En matinée, des milliers de manifestants, enseignants, étudiants, médecins, gardés par un important dispositif policier, se sont à nouveau rassemblés près de la Grande poste à Alger, cœur de la contestation qui ébranle le pays depuis sept semaines.
« Dégage Bensalah! », « Une Algérie libre! », ont scandé les participants. Selon le site d’information TSA (Tout sur l’Algérie), des manifestations ont également eu lieu dans d’autres villes, notamment à Bouira (sud-est) et Tizi Ouzou (est).
Des appels à reprendre la rue avaient essaimé sur les réseaux sociaux dès la veille, après l’entrée en fonction d’Abdelkader Bensalah comme président par intérim.

Manifestation dans le centre d’Alger le 10 avril 2019, au lendemain de la nomination du chef de l’Etat par intérim, Abdelkader Bensalah. (©AFP/RYAD KRAMDI)
« Pas confiance »
Les Algériens ont clairement affiché leur refus de voir cette tâche confiée à Abdelkader Bensalah, 77 ans, qui incarne pour eux un pur produit du régime.
Mardi à Alger, pour la première fois depuis le début du mouvement pacifique, la police avait tenté de disperser les quelque milliers d’étudiants qui manifestaient, à l’aide de grenades lacrymogènes et de canons à eau.
L’annonce de la date de l’élection présidentielle intervient à l’avant veille du traditionnel jour de manifestations hebdomadaires depuis plus d’un mois pour des millions d’Algériens qui promettent de retourner dans les rues en masse pour demander le départ de Bensalah et la fin du « système ».
Pour le professeur Mohamed Hennad, enseignant en sciences politique à l’Université d’Alger, « le rapport de force sera en faveur de la rue si la mobilisation de vendredi est importante ».

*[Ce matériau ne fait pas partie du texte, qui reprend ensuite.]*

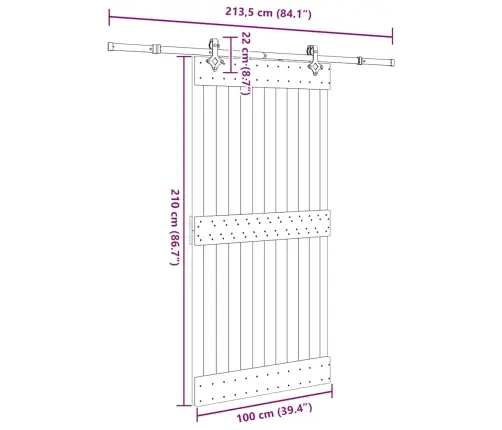 Liuguks Tarvikutega, 100 X 210 cm Männipuit
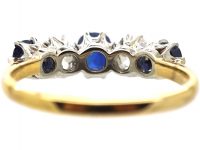 Early 20th Century 18ct Gold & Platinum, Sapphire & Diamond Five Stone Ring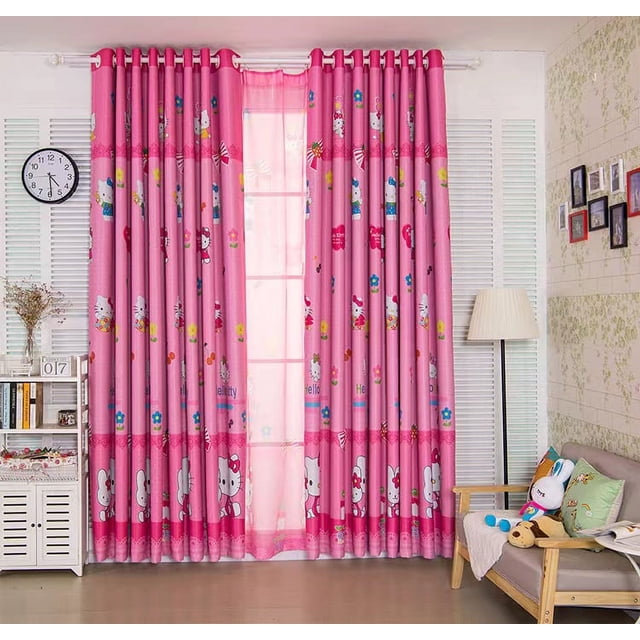Cortinas opacas de poliéster 100%, cortina para habitación de niños, cortina de ventana rosa de dibujos animados de Hello Kitty para dormitorio de niños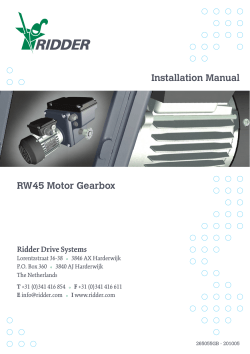 Installation Manual RW45 Motor Gearbox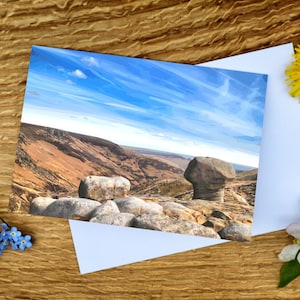 Grindsbrook Clough op Kinder Scout, Peak District, A6-wenskaart en canvasafdruk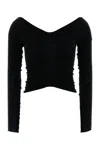 Alexander Wang Ruched V-neck Knit Sweater In Black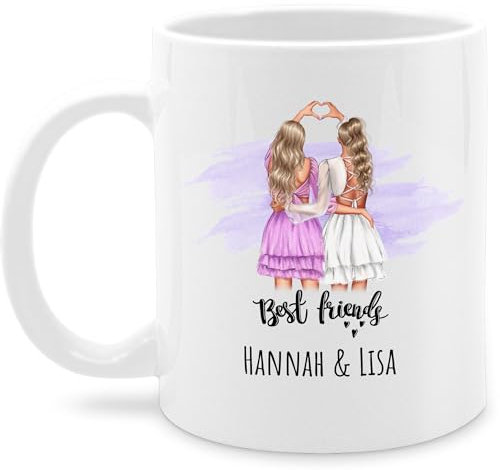 Tasse Tassen 325ml - Best Friends Geschenke Freundinnen Name I Weihnachten Beste Freundin Geschenk I BFF I Besties - 325 ml - Weiß - 2 freundschaftsgeschenke partner friend cup für eine gute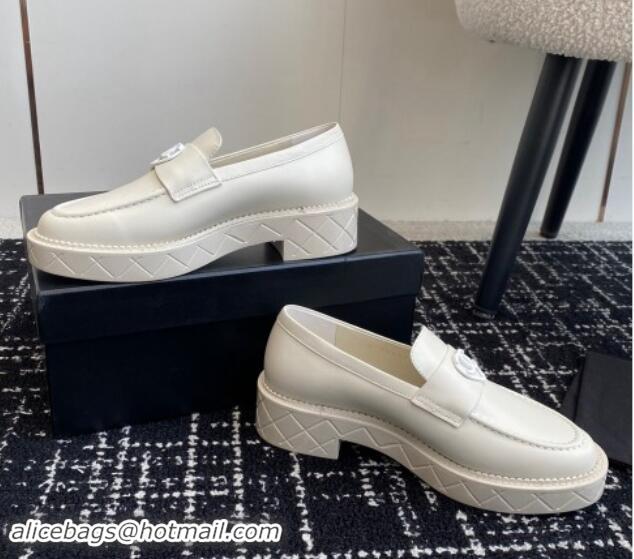 Trendy Design Chanel Calfskin Loafers with Heart All White 120013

Faut-il craindre un raidissement du pouvoir ?
« Il y a comme un air de retour de bâton politique contre tous ceux qui veulent dorénavant s’opposer au cours naturel des événements », met en garde le Quotidien d’Oran.
Quelques heures après avoir pris ses nouvelles fonctions mardi soir, Abdelkader Bensalah s’était engagé à organiser « un scrutin présidentiel transparent et régulier », dans un discours à la Nation.
« Bensalah, c’est un déchet du système, on n’a pas confiance. Pendant 20 ans, ils nous ont fait des promesses : résultat, ils ont tout pris et ils ont laissé le peuple pauvre », lance Lahcen, 26 ans, qui travaille dans un café d’Alger pour 25 000 dinars par mois (180 euros).
On veut une élection libre et réellement démocratique.
Pressions, corruption, listes truquées, les scrutins en Algérie sont régulièrement entachés de soupçons de fraudes dans un système électoral opaque, ultra favorable aux partis et candidats du « système ».
« Bouteflika est parti mais le système est resté », dit Achir, 56 ans, qui tient une échoppe. Du haut de son tabouret, derrière le comptoir, il dit « attendre que la jeunesse prenne le pouvoir ».